In the 31 hours between the show’s cancellation by Fox and renewal by NBC, there was a lot of activity. Brooklyn Nine-Nine producers reached out to multiple potential buyers, including Hulu, TBS and NBC. Hulu, which is the show’s SVOD home, ultimately passed. I hear it was touch-and-go at NBC for a little while as the network’s business executives were crunching the numbers, figuring out whether a pickup of the expensive series — Fox was reportedly paying a license fee of $1.9 million an episode — would make financial sense. Brooklyn Nine-Nine is produced by NBC sibling Universal TV and makes money for the studio from streaming on Hulu and off-network syndication airings on TBS. In the end, NBC swooped in and rescued the series.
What about TBS? Did Brooklyn Nine-Nine’s off-network home — overseen by Kevin Reilly, who had developed and picked up the comedy while running Fox and is a big fan of the show — make a run for it?
“I never even had a chance to,” Reilly told Deadline after Turner’s upfront presentation. “It’s funny, I kept reading about it.
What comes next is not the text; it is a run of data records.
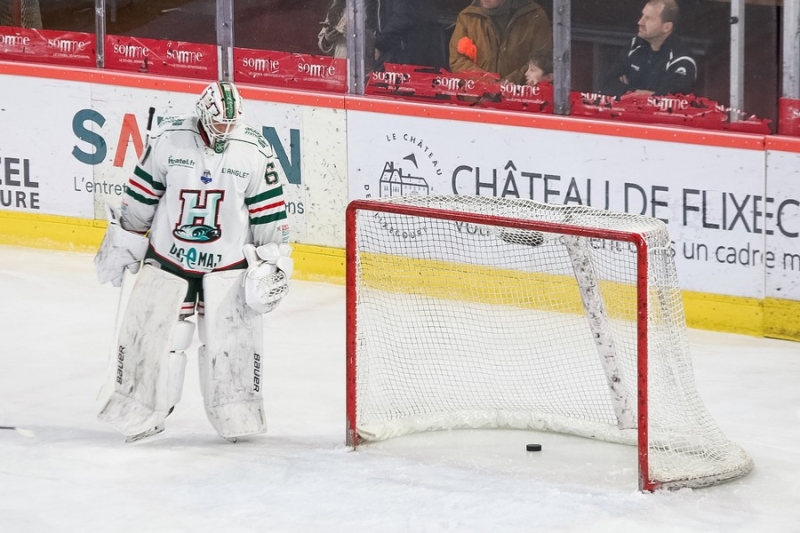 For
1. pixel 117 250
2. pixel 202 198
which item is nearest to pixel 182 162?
pixel 202 198

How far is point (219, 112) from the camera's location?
550cm

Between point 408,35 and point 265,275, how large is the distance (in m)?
2.80

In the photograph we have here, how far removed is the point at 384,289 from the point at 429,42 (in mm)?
1691

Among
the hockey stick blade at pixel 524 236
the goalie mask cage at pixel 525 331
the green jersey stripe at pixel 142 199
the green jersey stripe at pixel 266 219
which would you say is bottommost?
the goalie mask cage at pixel 525 331

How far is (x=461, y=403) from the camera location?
622 centimetres

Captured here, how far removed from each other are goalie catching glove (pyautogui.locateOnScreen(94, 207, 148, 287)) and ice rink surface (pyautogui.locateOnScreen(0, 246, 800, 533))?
64 centimetres

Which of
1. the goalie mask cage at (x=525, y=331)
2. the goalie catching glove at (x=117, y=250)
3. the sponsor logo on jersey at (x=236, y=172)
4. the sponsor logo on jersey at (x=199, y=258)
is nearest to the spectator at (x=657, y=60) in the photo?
the goalie mask cage at (x=525, y=331)

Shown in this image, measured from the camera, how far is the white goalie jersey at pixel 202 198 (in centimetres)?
559

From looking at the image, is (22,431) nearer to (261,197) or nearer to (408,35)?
(261,197)

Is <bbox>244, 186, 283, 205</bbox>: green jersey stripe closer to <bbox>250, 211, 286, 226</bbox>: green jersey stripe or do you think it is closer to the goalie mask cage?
<bbox>250, 211, 286, 226</bbox>: green jersey stripe

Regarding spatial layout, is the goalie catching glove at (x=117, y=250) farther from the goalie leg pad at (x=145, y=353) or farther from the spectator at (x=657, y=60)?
the spectator at (x=657, y=60)

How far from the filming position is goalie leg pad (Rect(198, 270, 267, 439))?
5.66 m

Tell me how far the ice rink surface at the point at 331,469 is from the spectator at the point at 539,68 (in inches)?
62.4

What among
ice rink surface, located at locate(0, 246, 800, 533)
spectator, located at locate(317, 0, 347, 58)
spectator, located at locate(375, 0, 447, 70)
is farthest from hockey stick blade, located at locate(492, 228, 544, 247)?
spectator, located at locate(317, 0, 347, 58) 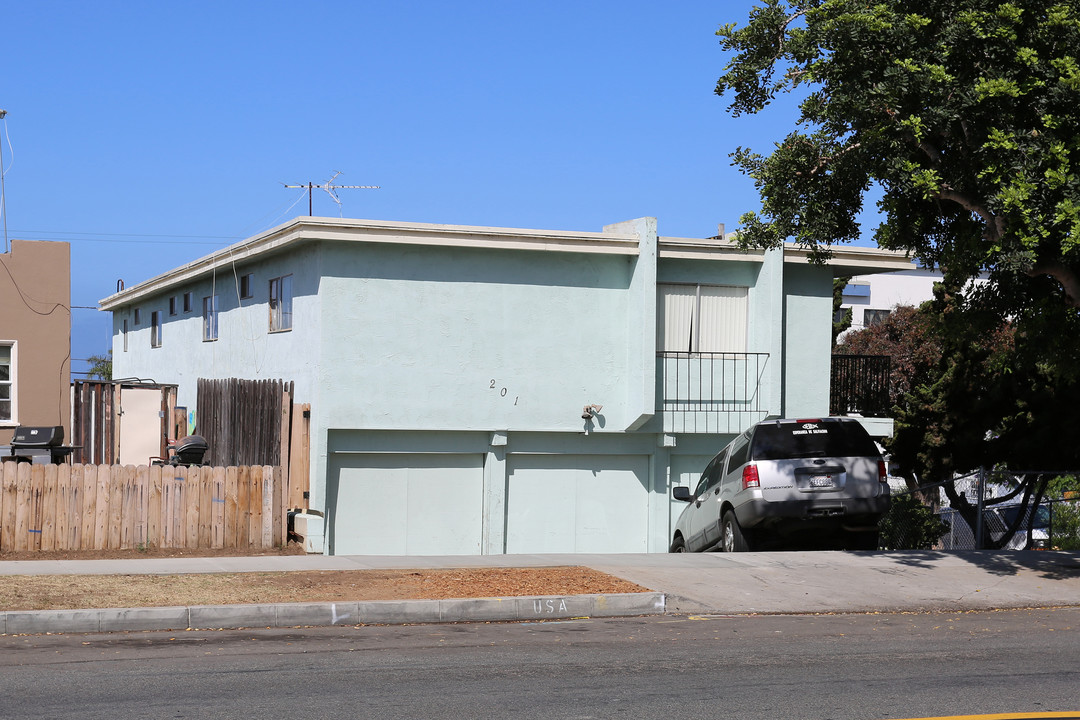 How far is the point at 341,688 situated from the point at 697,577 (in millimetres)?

I did get some incoming calls. I would’ve considered it but I wasn’t going to do it overnight. Good for NBC, they stepped up — it’s their show, their studio, I’m sure it pencils out. I’m very excited that (the Brooklyn Nine-Nine team) got another order — great people and great talent.”
Created by the Parks and Recreation duo of Dan Goor and Michael Schur, Brooklyn Nine-Nine centers on Det. Jake Peralta (Samberg), a screwball who happens to be a real good cop. Co-starring in the show are Andre Braugher, Terry Crews, Melissa Fumero, Joe Lo Truglio, Stephanie Beatriz, Chelsea Peretti, Joel McKinnon Miller and Dirk Blocker.
Brooklyn Nine-Nine is produced by Universal Television, Fremulon, Dr. Goor Productions and 3 Arts Entertainment. The series was created by the Parks and Recreation duo of Dan Goor and Michael Schur, who executive produce alongside David Miner and Luke Del Tredici.